H51B-0585:
Evidence for the Application of Self-Potential (SP) Monitoring to the Management of Abstraction in Coastal Aquifers.

Friday, 19 December 2014
Donald John MacAllister1, Matthew Jackson2, Adrian P Butler1 and Jan Vinogradov1, (1)Imperial College London, London, SW7, United Kingdom, (2)Imperial College, London, United Kingdom
Abstract:
The aim of this work is to investigate whether measurements of self-potential (SP) can be used to monitor seawater intrusion into coastal aquifers with application to the fractured UK chalk aquifer. The SP arises to maintain electrical neutrality when a separation of charge occurs due to gradients in pressure (electrokinetic (EK) potential) and concentration (exclusion-diffusion (ED) potential).

We have installed a borehole monitoring array near Brighton on the UK south coast comprising 14 electrodes and 3 FEC/T/P (conductivity/temperature/pressure) probes. Variations in head suggest that short-term changes in the borehole are controlled by semi-diurnal and fortnightly tidal cycles. FEC suggests that salinity is governed by the inland freshwater head. SP monitoring reveals semi-diurnal and diurnal fluctuations which are observed without any saline water entering the borehole.

Laboratory measurements to investigate the contribution of the EK and ED potentials to the overall SP indicate that tidally-driven changes in head at the borehole generate an EK potential fluctuation of c.260μV. This is not sufficient to explain the c.2mV semi-diurnal SP signal observed. Therefore, the ED potential across the saline front is suggested to be the main mechanism generating the tidal SP response at the borehole. In this model, which is currently being tested numerically, the SP response is caused by the tidally-driven lateral movement of the saline front within the aquifer.

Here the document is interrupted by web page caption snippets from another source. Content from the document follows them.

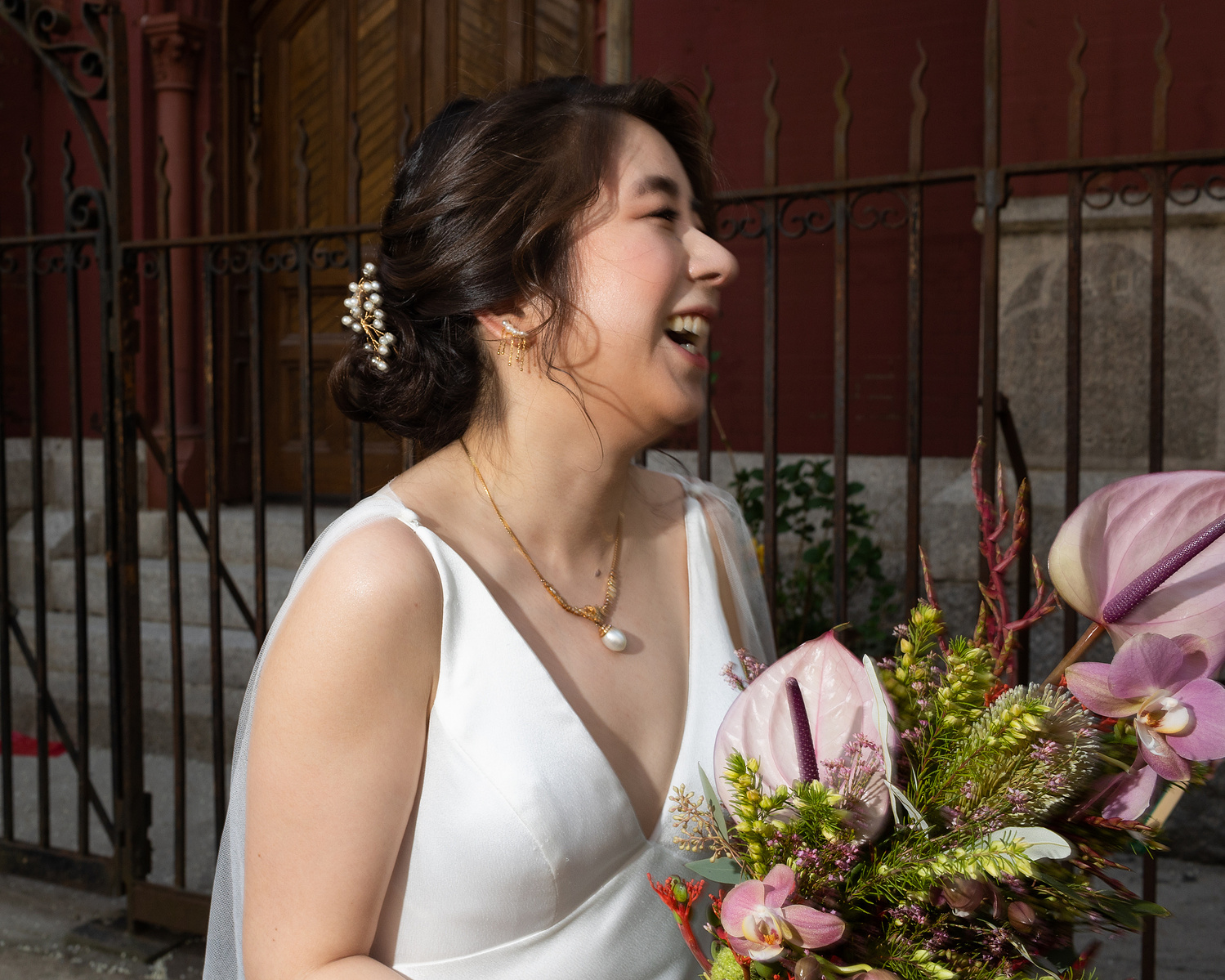 Wedding photojournalism Jersey City Civil Ceremony Jing Fong Reception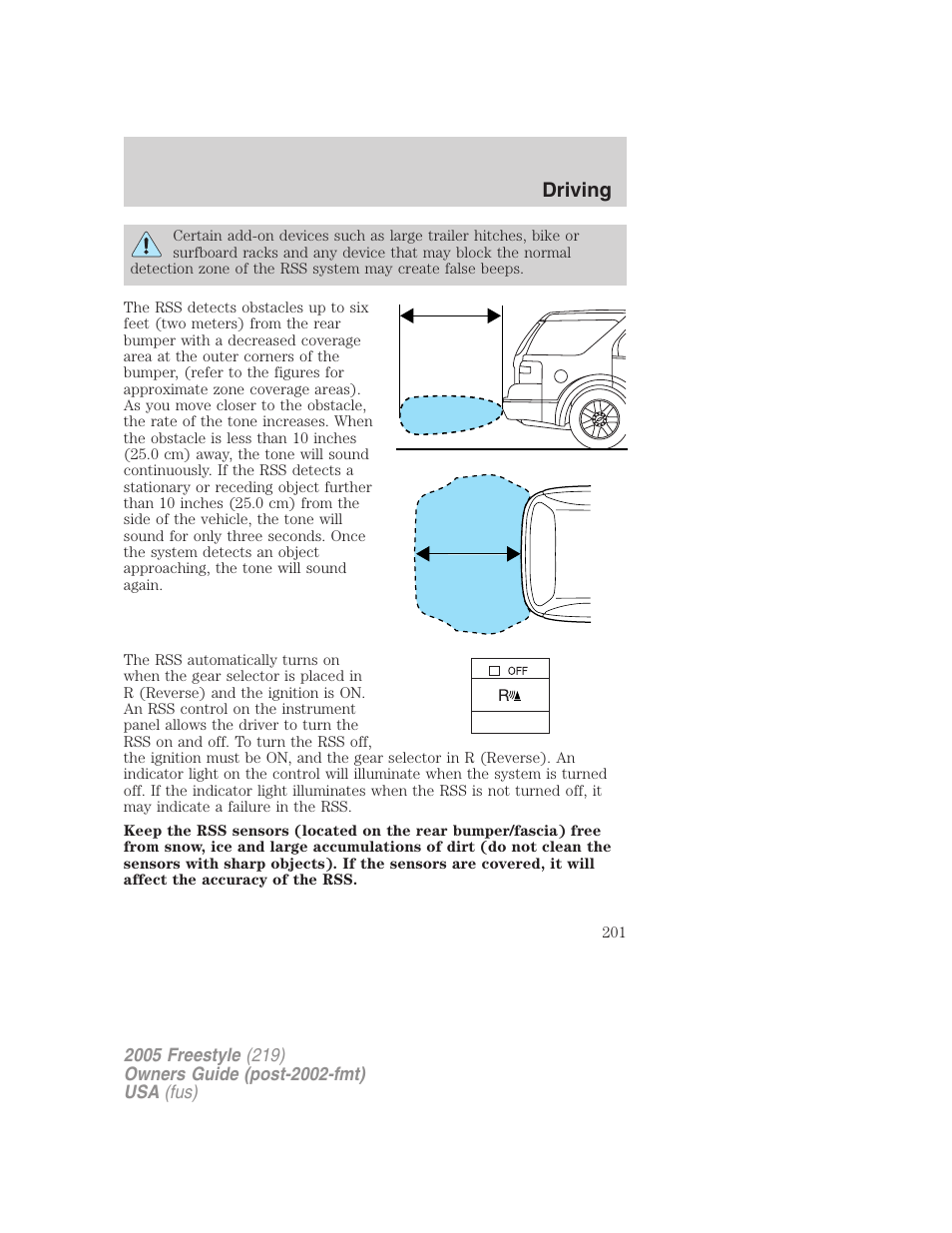 Driving | FORD 2005 Freestyle v.3 User Manual | Page 201 / 288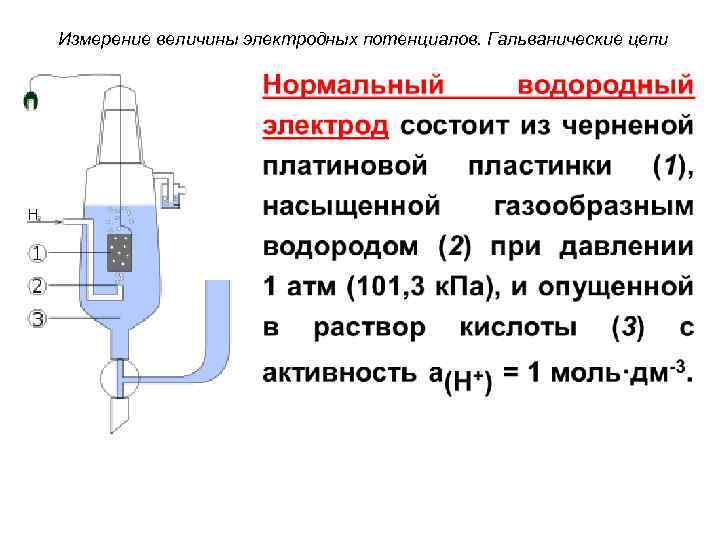 Измерение величины электродных потенциалов. Гальванические цепи 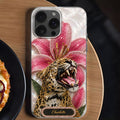 Personalized Clear Phone Case Leopard Lily Flower Custom Name Gift for Her Clear Phone Case GradoCreations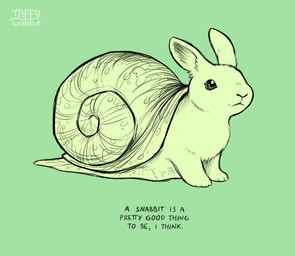 ambiguous_gender feral fur gastropod_shell green_background looking_up mollusk_shell shell simple_background solo text taffywabbit gastropod hybrid lagomorph leporid mammal mollusk rabbit snail 2024 digital_media_(artwork) english_text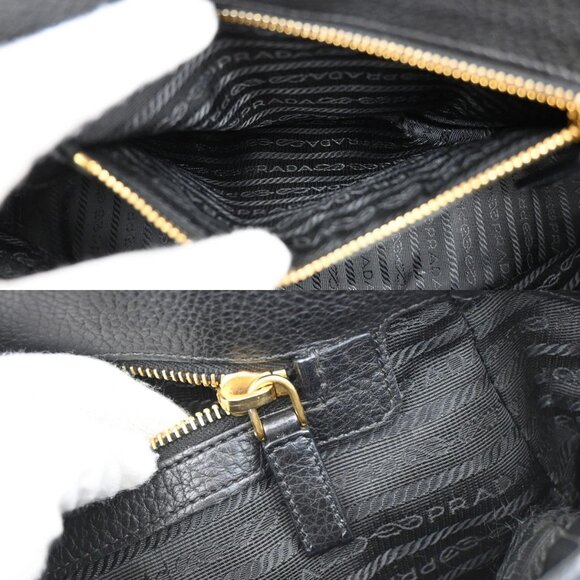 PRADA Logo Tessuto Shoulder Hand Bag Leather Black GHW 76EF401 - Picture 15 of 16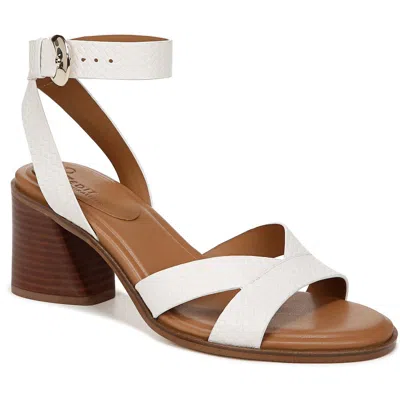 27 Edit Yumi Womens Leather Adjustable Slingback Sandals In White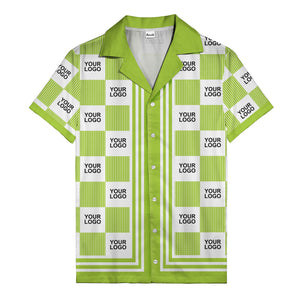 black white checkerboard barcode logo customizable hawaiian shirt
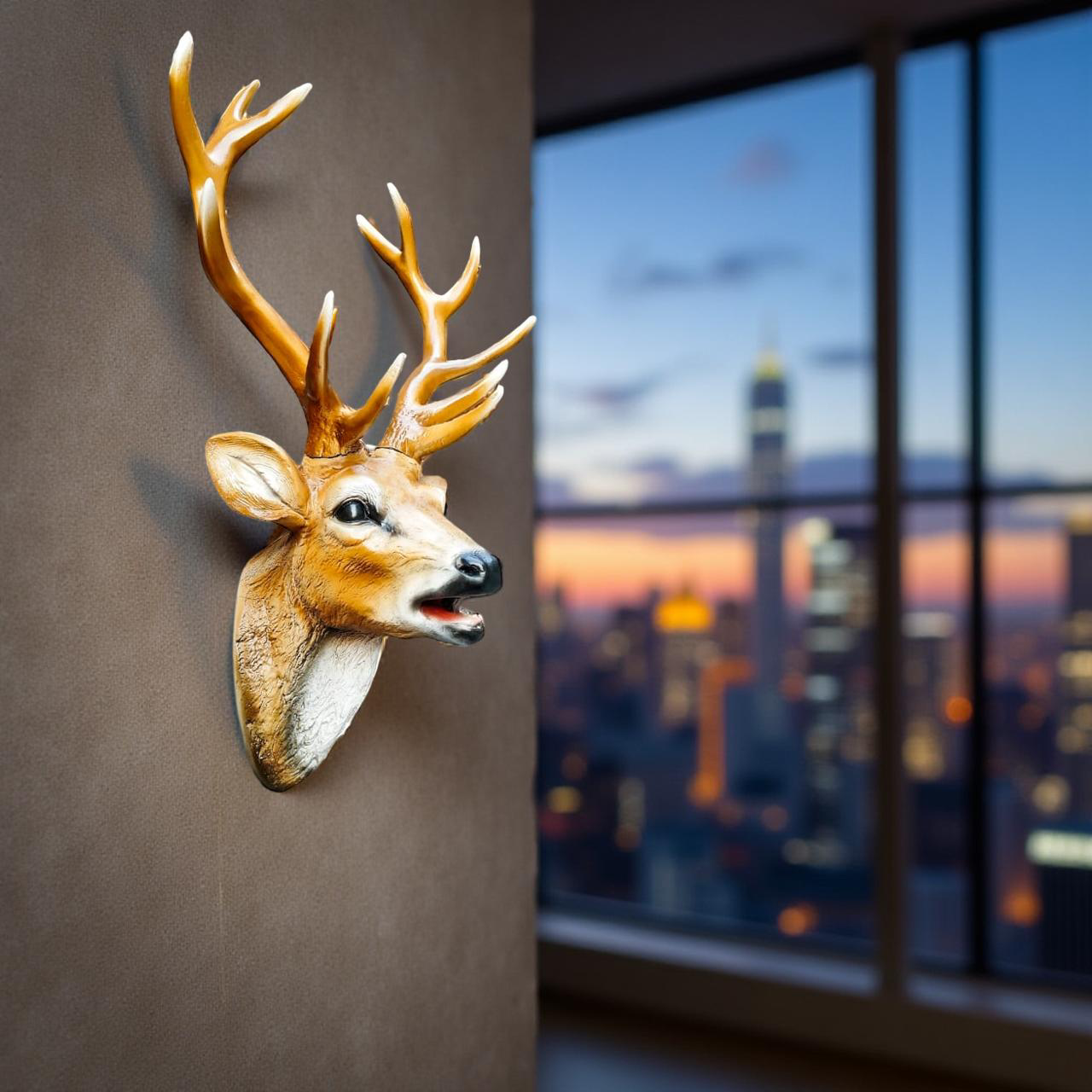 Golden Stag – Wall-Mounted Deer Head Sculpture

Saline water was observed to enter the borehole in August 2013. Prior to this a systematic increase in the SP of c.300μV was observed, starting c.5 days before saline water breakthrough. In this case saline water entered the well owing to a seasonal decrease in inland head; however, the results suggest that SP could also provide early warning of saline water breakthrough in abstraction wells, allowing for improved management of abstraction rates from coastal aquifers.